> WHAT THE TASK REQUIRES: Without omitting anything, write out the listing below precisely.

> GIVEN DATA:
# # # #
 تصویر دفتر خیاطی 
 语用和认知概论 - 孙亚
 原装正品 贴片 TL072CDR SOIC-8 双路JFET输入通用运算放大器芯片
# # # #
> REPLY:
 تصویر دفتر خیاطی 
 语用和认知概论 - 孙亚
 原装正品 贴片 TL072CDR SOIC-8 双路JFET输入通用运算放大器芯片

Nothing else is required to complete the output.